*** INPUT RECORDS Section Begins ***

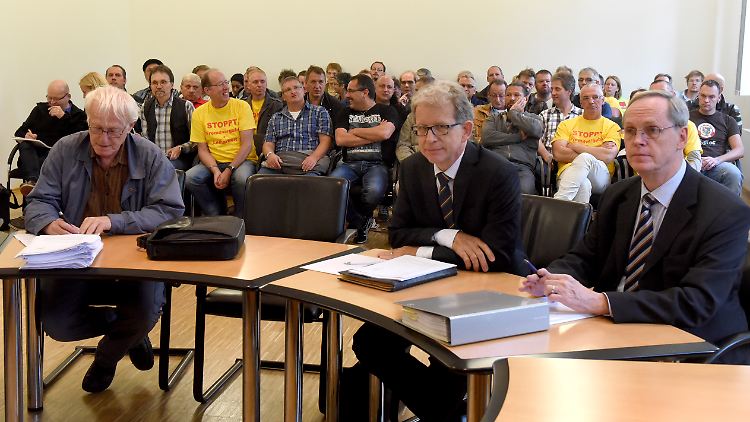 Mitarbeiter des Bremer Mercedes-Benz-Werkes im Gerichtssaal.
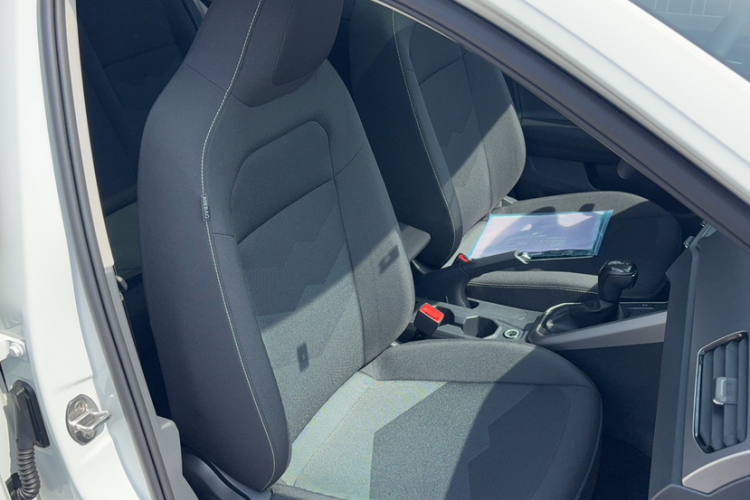 Volkswagen Polo 2021 car image #28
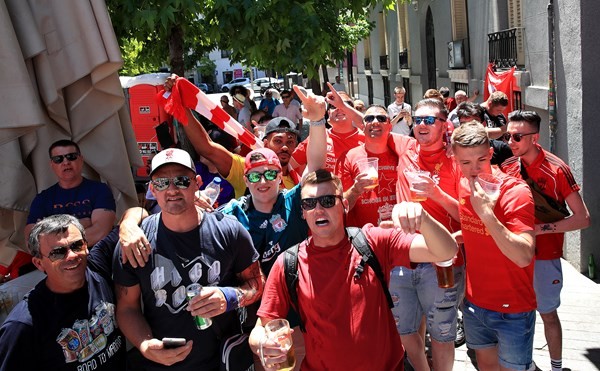 Ảnh: Fan Liverpool Tottenham trước trận chung kết  - Bóng Đá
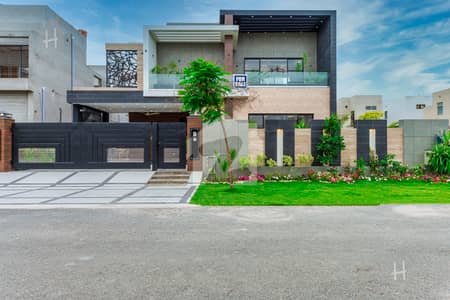 1 Kanal Modern Design House For Sale Good Location In DHA PHASE 6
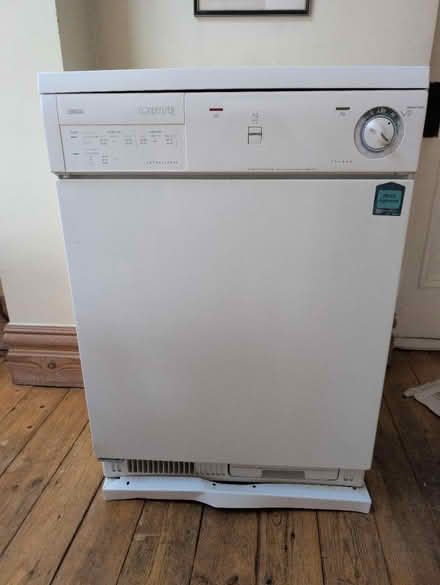 Photo of free FOR PARTS Tumble dryer (NW11 Temple Fortune) #1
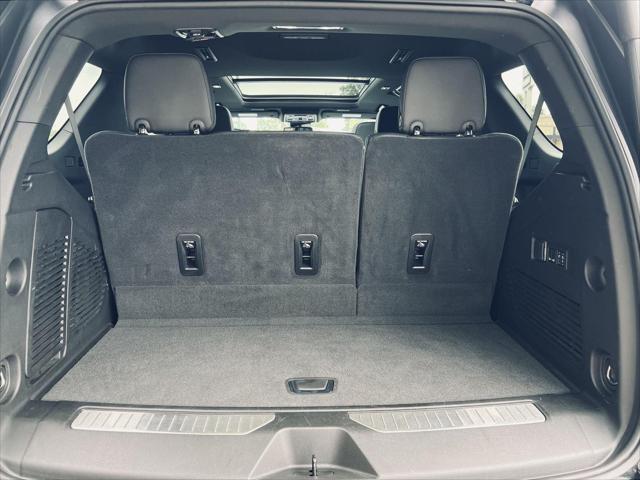 2025 GMC Yukon 4WD Denali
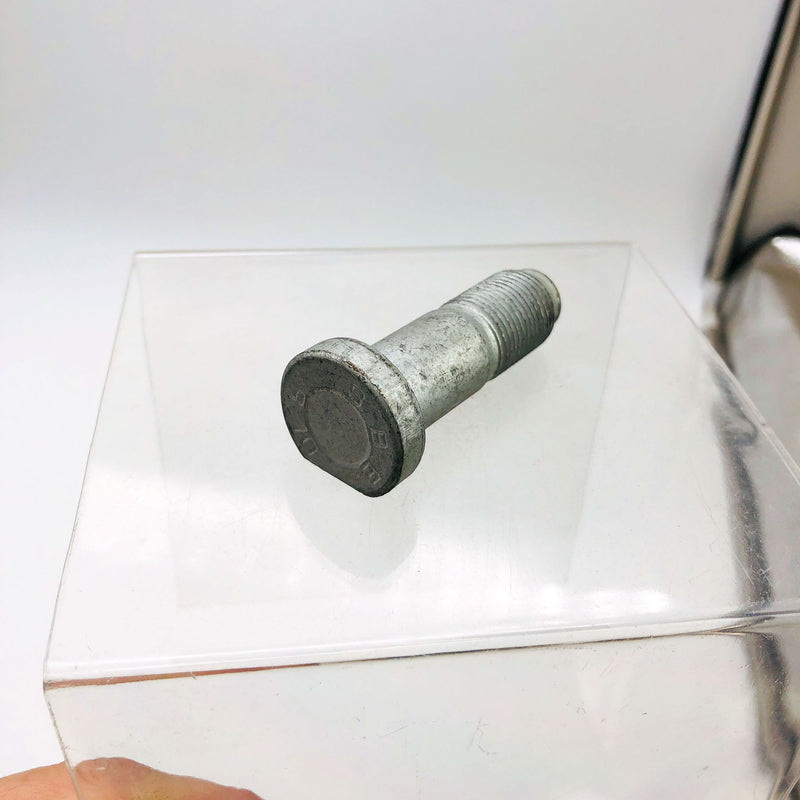 New Holland 44011089 Wheel Stud OEM New Old Stock NOS Loose No Pkg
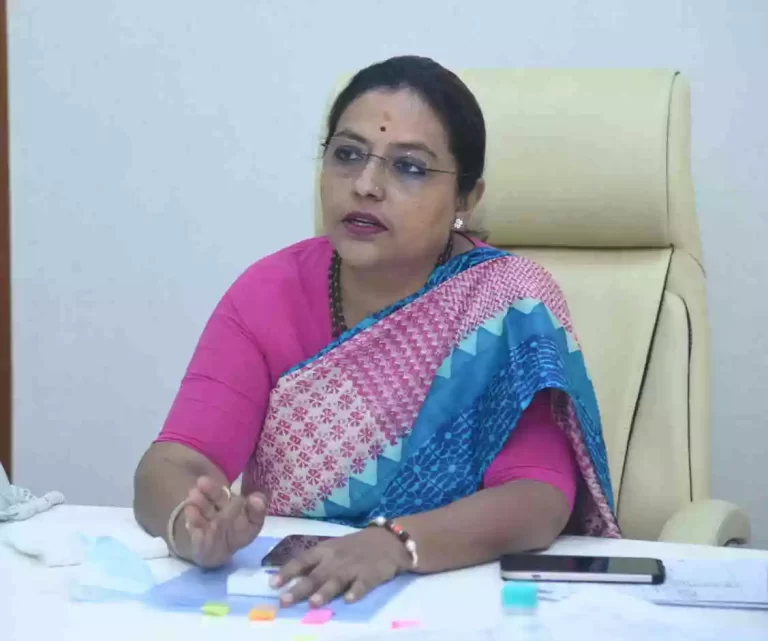 निवडणुकांच्या तोंडावर मराठा समाजाची दिशाभूल :- ॲड. यशोमती ठाकूर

*** INPUT RECORDS Section Ends ***

• **WORK REQUEST**
Repeat every record above exactly. The pictures do not belong in the copy.

• **PROBLEM SOLUTION**
 Mitarbeiter des Bremer Mercedes-Benz-Werkes im Gerichtssaal.
 Volkswagen Polo 2021 car image #28
 Ảnh: Fan Liverpool Tottenham trước trận chung kết  - Bóng Đá
 1 Kanal Modern Design House For Sale Good Location In DHA PHASE 6
 Photo of free FOR PARTS Tumble dryer (NW11 Temple Fortune) #1
 2025 GMC Yukon 4WD Denali
 New Holland 44011089 Wheel Stud OEM New Old Stock NOS Loose No Pkg
 निवडणुकांच्या तोंडावर मराठा समाजाची दिशाभूल :- ॲड. यशोमती ठाकूर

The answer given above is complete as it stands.